** INFORMATION SHOWN **
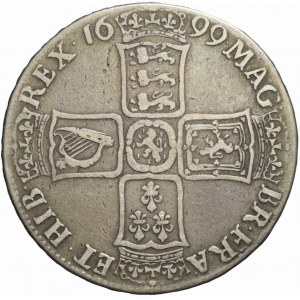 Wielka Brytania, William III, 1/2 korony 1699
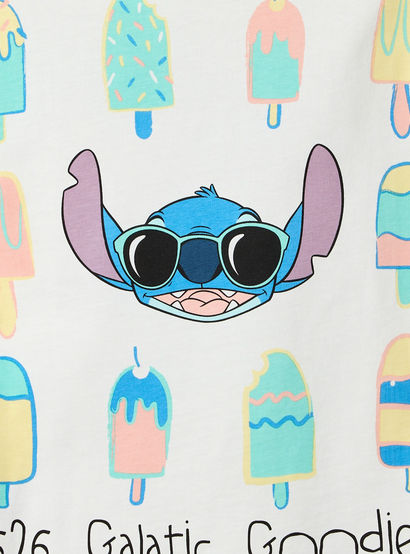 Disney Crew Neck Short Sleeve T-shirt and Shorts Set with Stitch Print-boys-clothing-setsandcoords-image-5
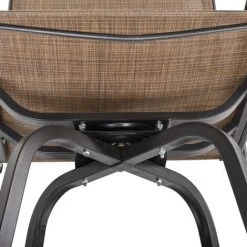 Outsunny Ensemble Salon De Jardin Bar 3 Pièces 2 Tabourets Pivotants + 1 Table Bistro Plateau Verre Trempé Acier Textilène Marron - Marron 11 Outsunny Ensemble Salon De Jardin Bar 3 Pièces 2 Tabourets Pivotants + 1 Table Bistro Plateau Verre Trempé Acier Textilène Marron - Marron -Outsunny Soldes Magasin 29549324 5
...
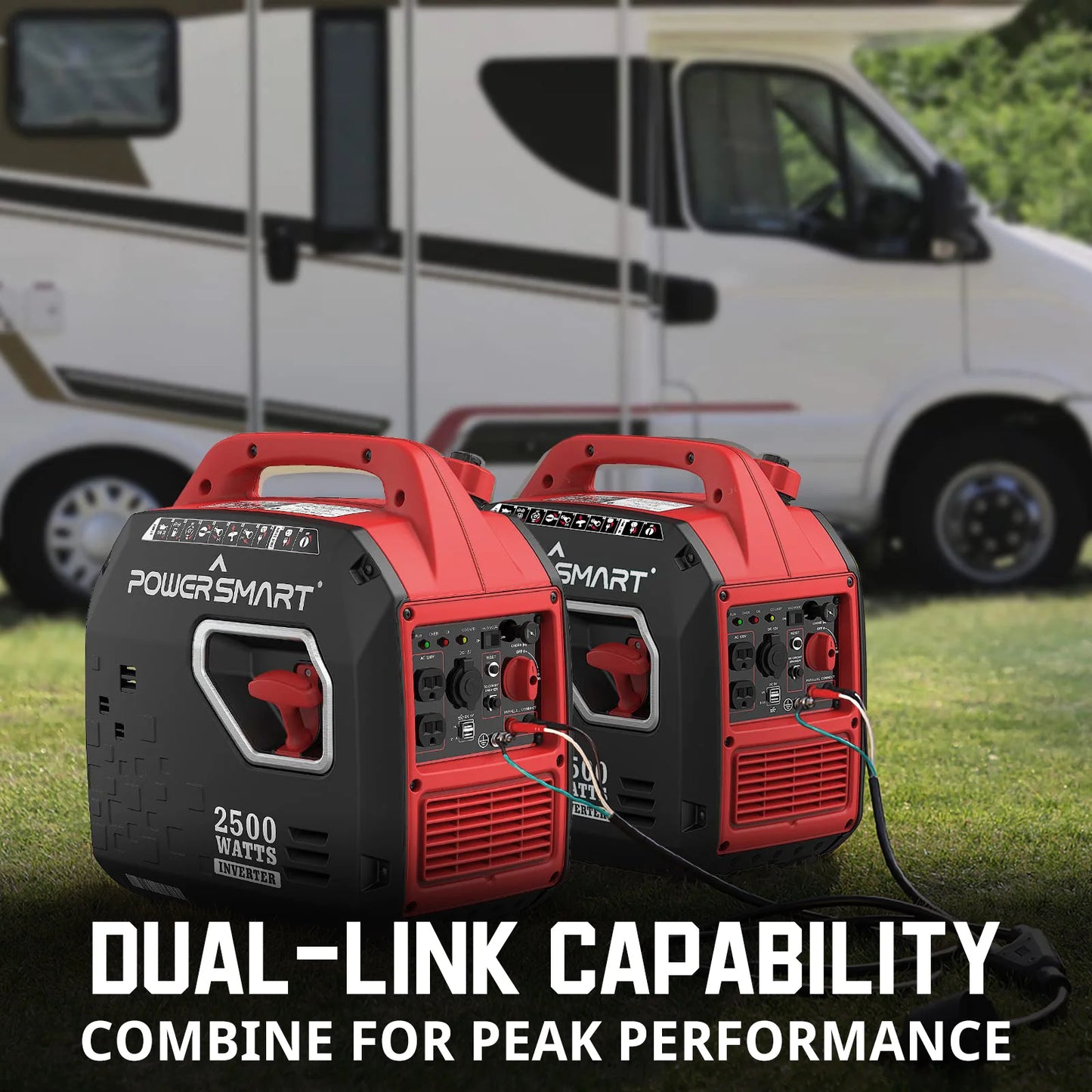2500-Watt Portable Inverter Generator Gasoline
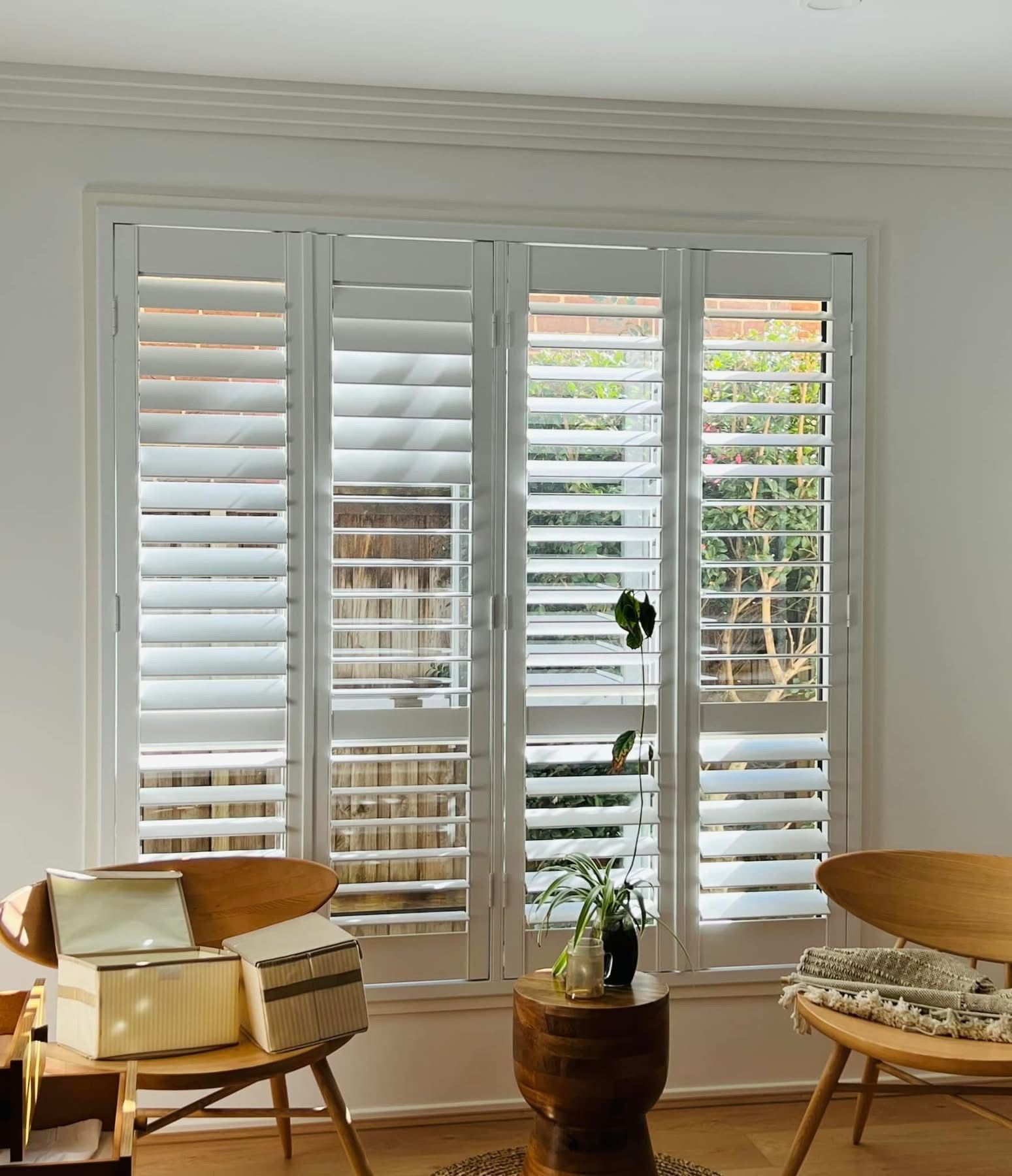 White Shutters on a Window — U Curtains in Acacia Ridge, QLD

** WORK ITEM **
Leaving all pictures out, output exactly the lines of the material above from the line with "2500-Watt Portable Inverter" to the line with "White Shutters on", both included.

** RESULT OF THE TASK **
2500-Watt Portable Inverter Generator Gasoline
 White Shutters on a Window — U Curtains in Acacia Ridge, QLD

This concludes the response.